| What to work on |
Write out the listing from the line with "Opel Grandland 1.5" to the line with "BMW G30 ALLOYS AND TYRES - Image 1", both lines included, exactly and nothing beyond. Leave pictures out.

| Listed records |
..........

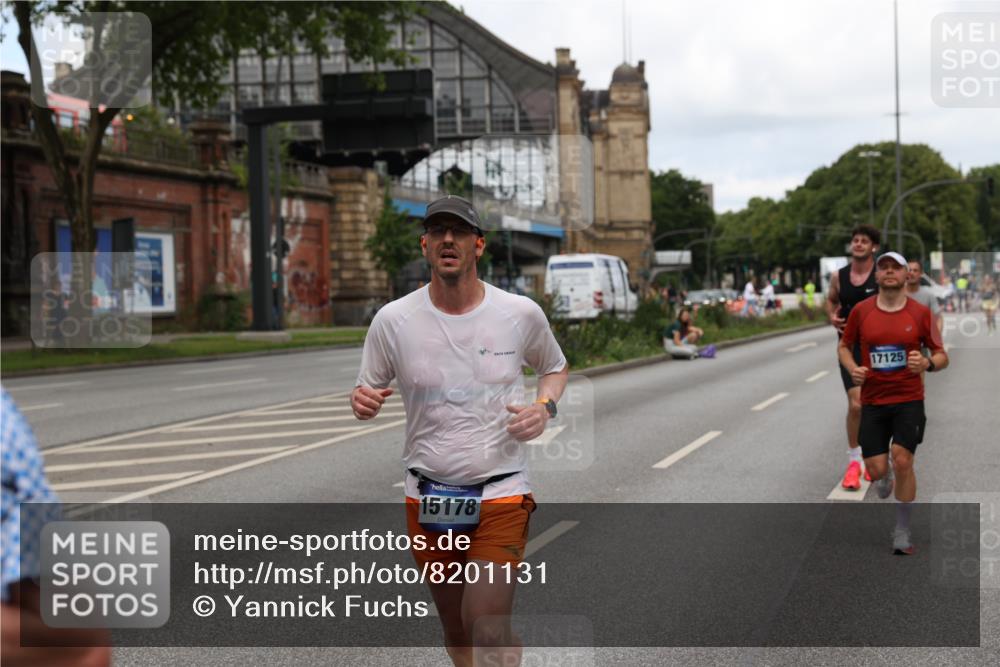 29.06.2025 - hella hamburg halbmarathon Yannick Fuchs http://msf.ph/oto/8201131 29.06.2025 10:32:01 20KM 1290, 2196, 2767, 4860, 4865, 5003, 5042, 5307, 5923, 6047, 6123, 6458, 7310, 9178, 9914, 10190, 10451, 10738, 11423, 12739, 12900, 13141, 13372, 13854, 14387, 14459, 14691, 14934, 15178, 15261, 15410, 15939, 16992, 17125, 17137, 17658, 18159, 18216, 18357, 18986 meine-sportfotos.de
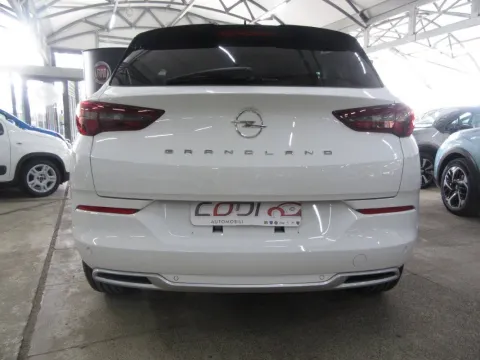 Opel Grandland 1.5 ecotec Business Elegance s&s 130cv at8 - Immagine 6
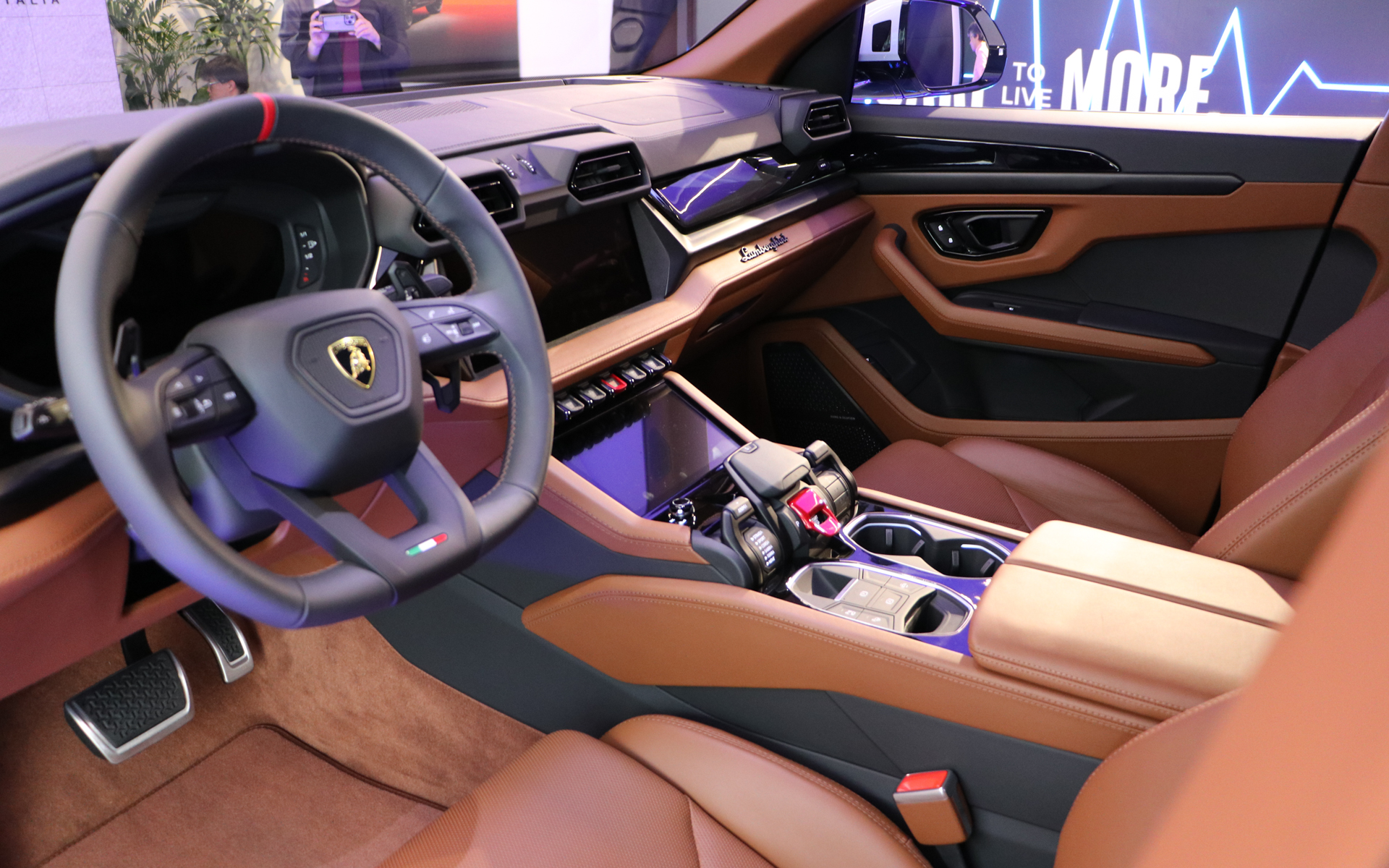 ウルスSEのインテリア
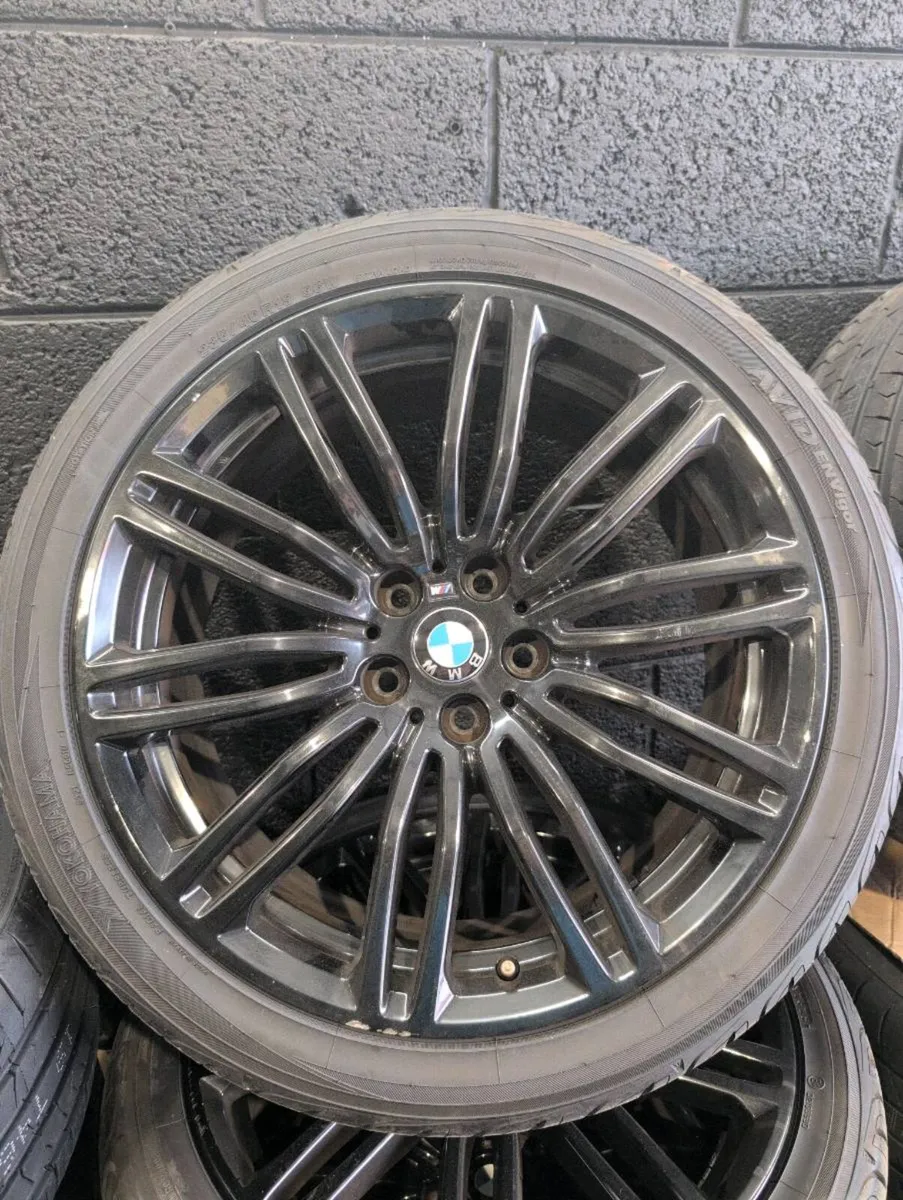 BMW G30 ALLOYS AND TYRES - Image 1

..........

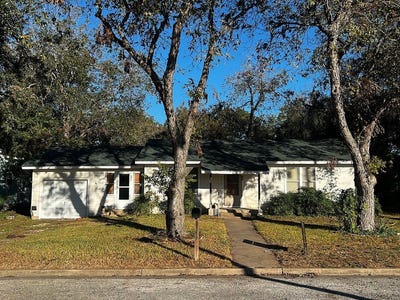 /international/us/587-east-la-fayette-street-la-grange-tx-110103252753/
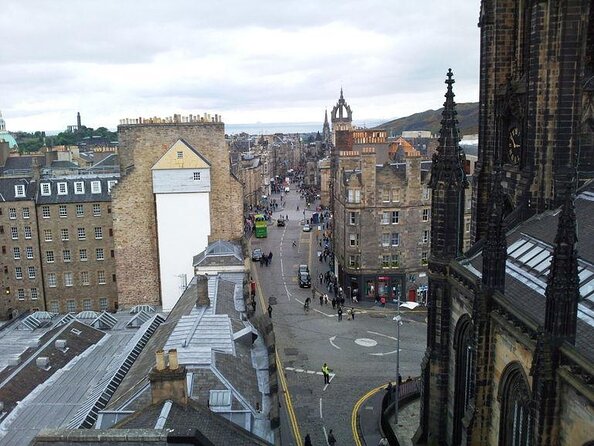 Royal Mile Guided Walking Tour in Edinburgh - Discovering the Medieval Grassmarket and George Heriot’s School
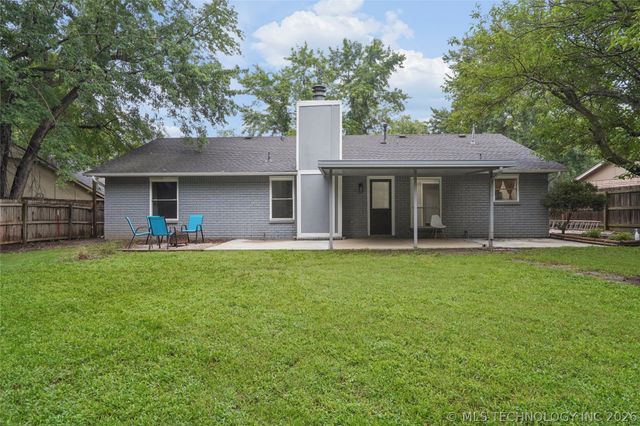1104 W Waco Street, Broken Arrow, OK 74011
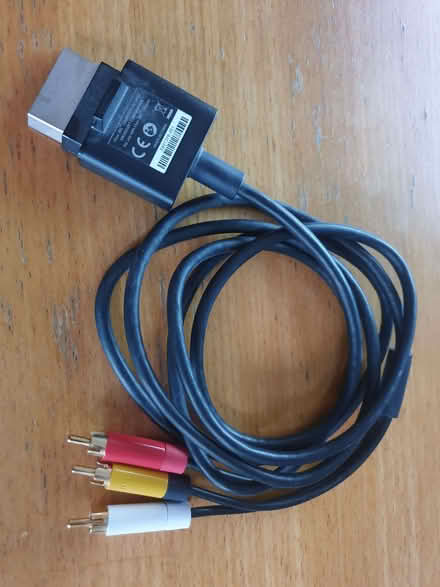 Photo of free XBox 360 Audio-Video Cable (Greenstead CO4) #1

..........

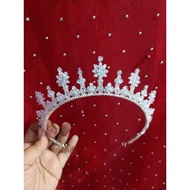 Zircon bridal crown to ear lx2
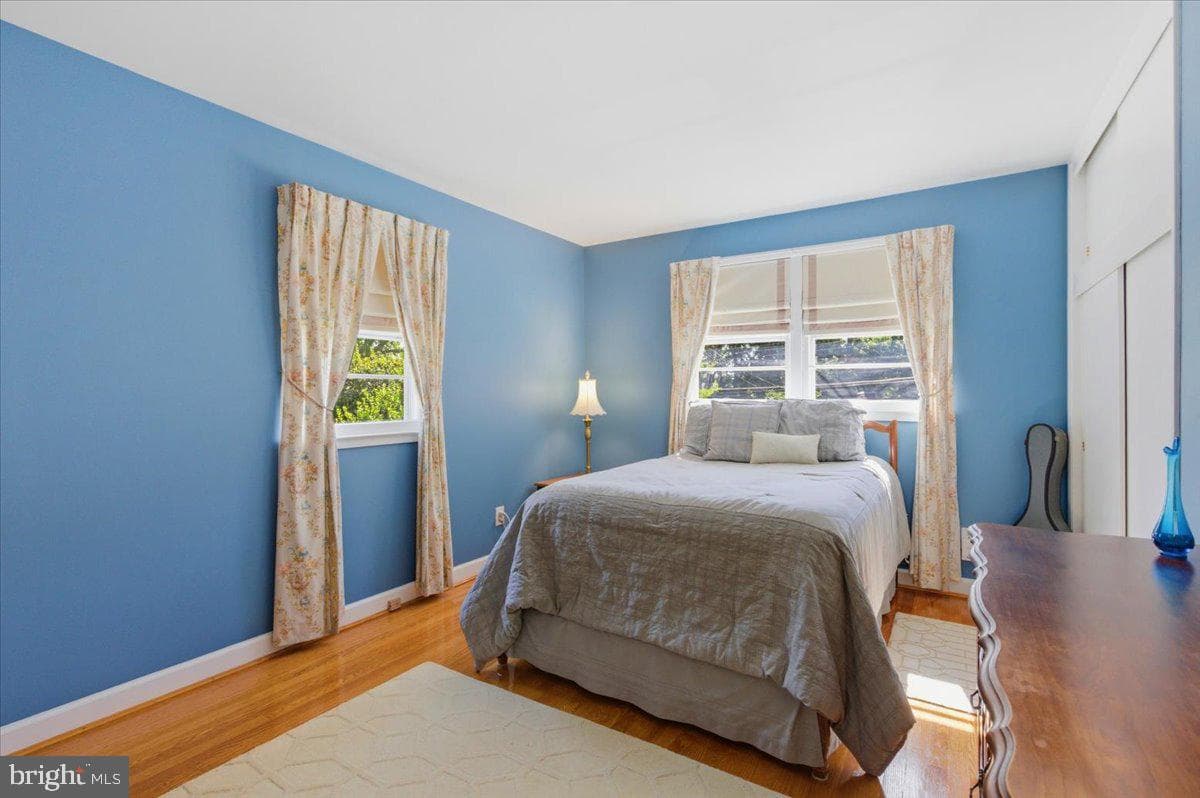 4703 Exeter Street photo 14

..........

| Completed exercise |
 Opel Grandland 1.5 ecotec Business Elegance s&s 130cv at8 - Immagine 6
 ウルスSEのインテリア
 BMW G30 ALLOYS AND TYRES - Image 1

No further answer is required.